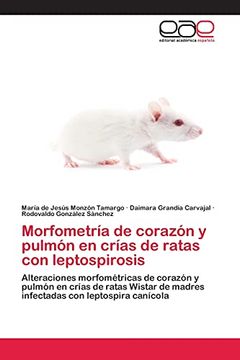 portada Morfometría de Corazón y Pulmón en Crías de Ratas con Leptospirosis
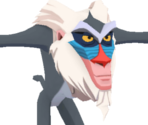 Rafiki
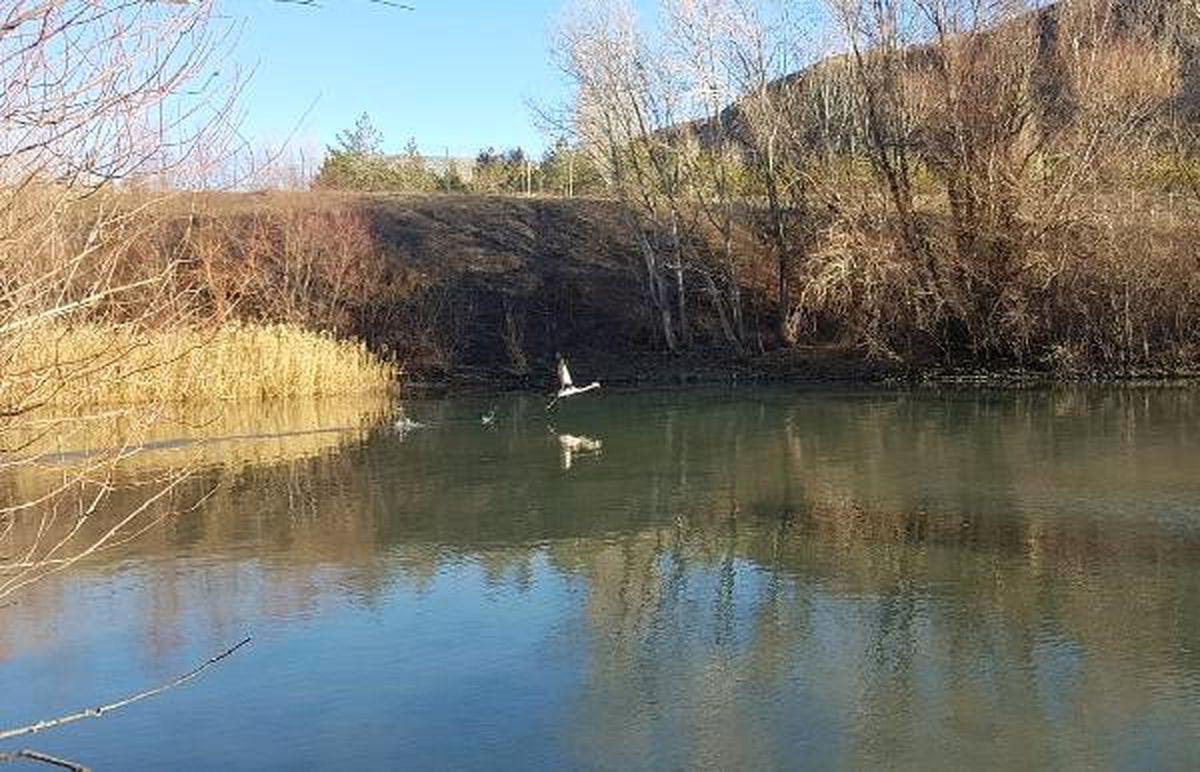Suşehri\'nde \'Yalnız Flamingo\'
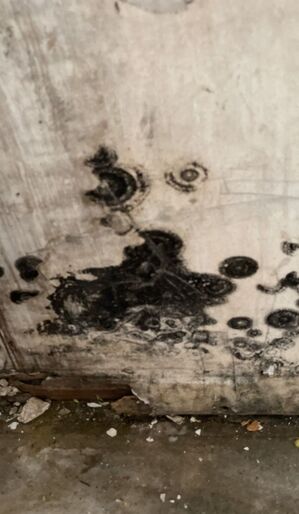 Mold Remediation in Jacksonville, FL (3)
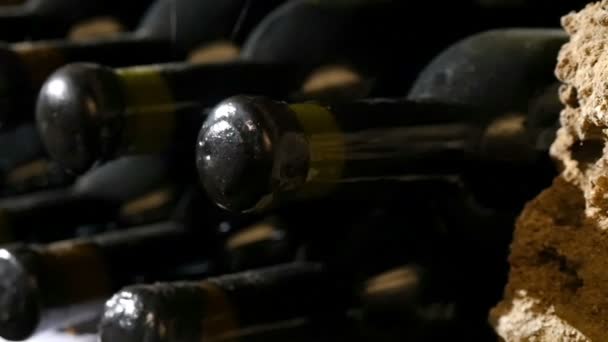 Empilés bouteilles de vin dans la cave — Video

━━━━━━━━

=== To do ===
Drop the images and repeat the data exactly.

=== Output ===
 portada Morfometría de Corazón y Pulmón en Crías de Ratas con Leptospirosis
 Rafiki
Suşehri\'nde \'Yalnız Flamingo\'
 Mold Remediation in Jacksonville, FL (3)
 Empilés bouteilles de vin dans la cave — Video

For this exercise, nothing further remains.